Wednesday, June 10, 2009

To. The. Moon. ALICE.

So we've got a little time on our hands. I got a call from one of the stakeholders, saying they wouldn't be in until sometime mid-day tomorrow. There's bread in the breadmaker, it unexpectedly rained like hell overnight, and I got to thinking 'let's take an afternoon walky, and see how our friends' new culverts are holding up; see if there's any new erosion. By the time we get back, the bread'll be done.'

So we bee-lined down the slope, across the wash, up the opposite ridge, and right across till we got to the cliff. This clif isn't exactly Everest, right? I mean technically it's a cliff, but there are lots of places even I can get up and down it. So I didn't think anything about it, just looked for a likely place to go down.

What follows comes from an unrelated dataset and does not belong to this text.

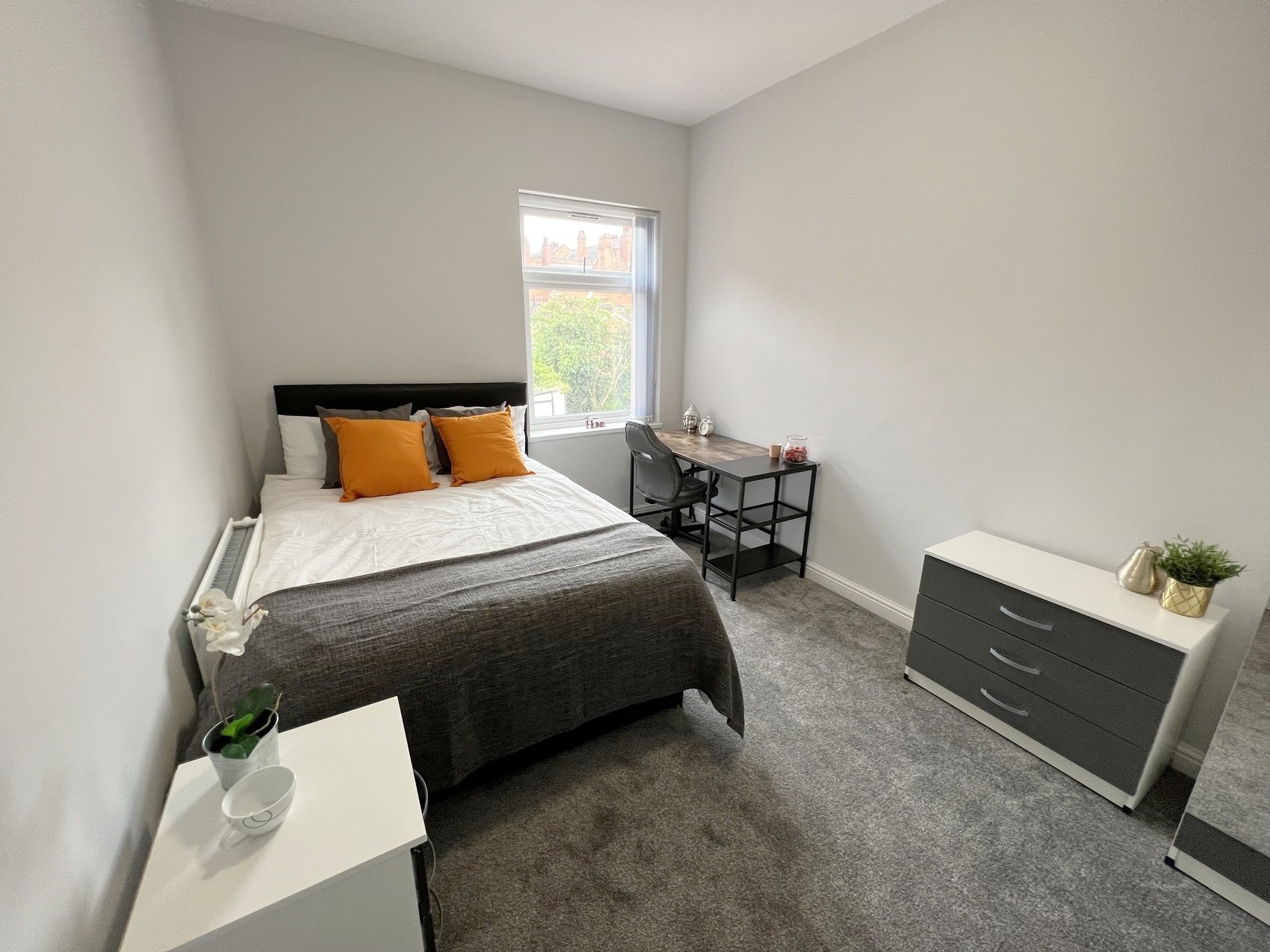 Luxurious Brand NEW Rooms Near Moseley Village! – Room 4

Ghost can pretty much sprint up and down any surface in the desert, no matter how vertical. Magnus does pretty good. Fritz, not so hot. Little Bear, of course, is still learning. Plus he's got those stumpy little legs.

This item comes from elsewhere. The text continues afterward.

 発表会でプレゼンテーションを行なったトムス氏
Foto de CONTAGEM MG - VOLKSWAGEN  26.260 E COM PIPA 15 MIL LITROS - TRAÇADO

So I wasn't very surprised when he got a few feet down in the rocks, got scared, and started yelling for help. (This post isn't about Little Bear.) I coaxed and called, and he refused to budge another inch. Crap, this was holding us up. I looked down to the meadow between the cliff and the wash: Ghost was already down there, of course. To my surprise, so was Fritz. I was stuck now; LB wasn't moving, so Magnus and I went back up and walked along the top to find an easier way for Little Bear. This post still isn't about Little Bear.


We find a spot he finds acceptable and head down. This is taking time - truth is that it's taking a lot of time, and this was supposed to be a quicky. I'm getting a little annoyed. Ghost joins us halfway down, and we all go to the meadow together.

Fritz is nowhere to be seen. I wait for him for a minute, and start to call. Wait some more. No Fritz. Fritz has disappeared like the earth swallowed him.

If Ghost pulled this, I wouldn't give it a thought. He does it all the time, and he always knows where we are even if I don't know where he is. I don't worry about Ghost. But Fritz has never, ever pulled this. He always stays pretty close to Magnus, and Magnus always stays close to me. But now he's just gone. I'm starting to worry. I search and call, search and call. No Fritz.

After maybe a half hour of this, I'm starting to freak. They're all my boys; I don't love one more than the other and it'd kill me to lose any of them. And Fritz can be such an idiot; he may have gotten himself into real trouble somehow. What the hell am I going to do? He just isn't here!

There's a dim possibility he took it into his head to go home. Either way I'm afraid of losing the puppy, who's getting pretty tired anyway. I'll go back home, lock the boys in Gitmo, lose the rifle, get some water, take the bread out of the maker, and go back myself. No way I'm calling it a day until I find Fritz.

Of course you know what happened next. We went back up the cliff, across the ridge, and I'm heading back down toward our loop of the wash. And who should I meet but...


And he's all like "What?" And I don't know whether to hug him or wring his neck. Y'know, this isn't the sort of thing you should do to a guy with an AK47.